Historically, football has been a male-dominated sport. While there have been leagues solely for women, including the Women’s Football Alliance, at the high school, college, and professional levels, football hasn’t been a welcome place for female athletes. Nevertheless, there have been a handful of women who have participated in one way or another in these male-dominated leagues. 

In 1970, Patricia Palinkas became the first woman to play professional football as a holder for her husband, Steve Palinkas, on the Orlando Panthers, a minor-league team. It would be decades later before another woman would step foot in the male-dominated league, with Palinkas followed by Abby Vestal in 2007 in the indoor American Professional Football League’s Kansas Koyotes, where she was the first woman to score points in a men’s pro game. Katie Hnida, the placekicker for the Fort Wayne FireHawks, played in three games of the Continental Indoor Football League season in 2010 before playing on several other teams, followed by Julie Harshbarger that same year and Jennifer Welter in 2014.

Stories of recent years followed Hnida, and the soccer player turned football kicker Sarah Fuller closely for their groundbreaking work at the collegiate level.

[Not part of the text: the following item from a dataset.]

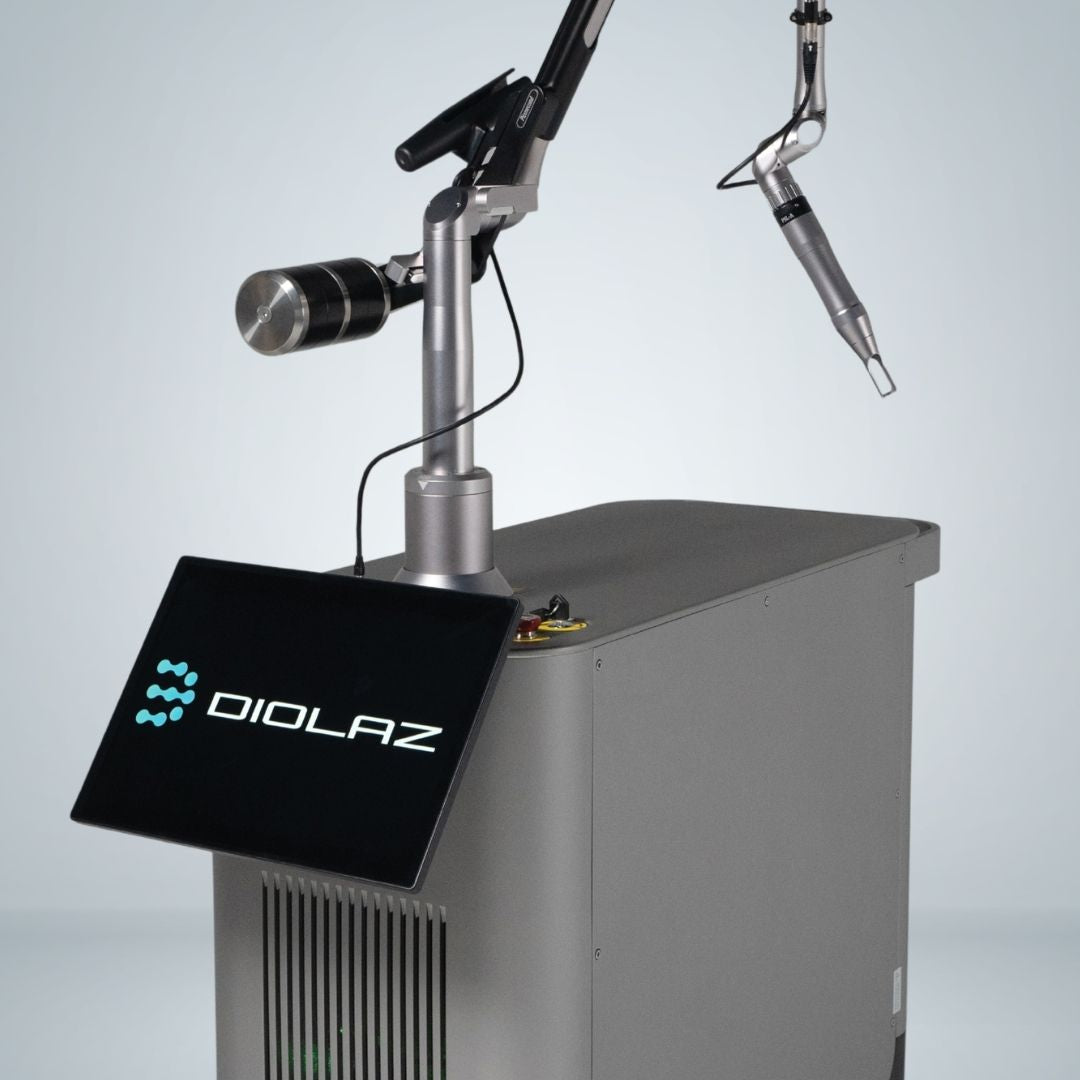 DioLaz Health Canada Licensed Picosecond Laser for Tattoo Removal & Skin Rejuvenation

Years before her other career-defining moments, Hnida became the first woman to score in an NCAA Division I-A football game. She was a placekicker for the University of New Mexico at the time when she kicked two points against Texas State University in August 2003. The year prior, she made history as the first woman to ever appear in a bowl game at the 2002 Las Vegas Bowl as well. 

While there were women who came before and after Hnida, Fuller made a splash in the headlines in 2020 after she became the first woman to play in a Power Five–five athletes conferences that are the biggest in college football in the United States–football game, when the team played Missouri in November 2020, she took the opening kickoff in the second half for the team. The following month, she became the first woman to score in a Power Five football game after kicking an extra point against Tennessee. 

“When this all started, I was capitalizing on the idea that girls can do anything you set your mind to, that anything is possible,” Fuller told the Tennessean. “But I’ve been through stuff, hard stuff, hard work. And that’s why it’s possible.”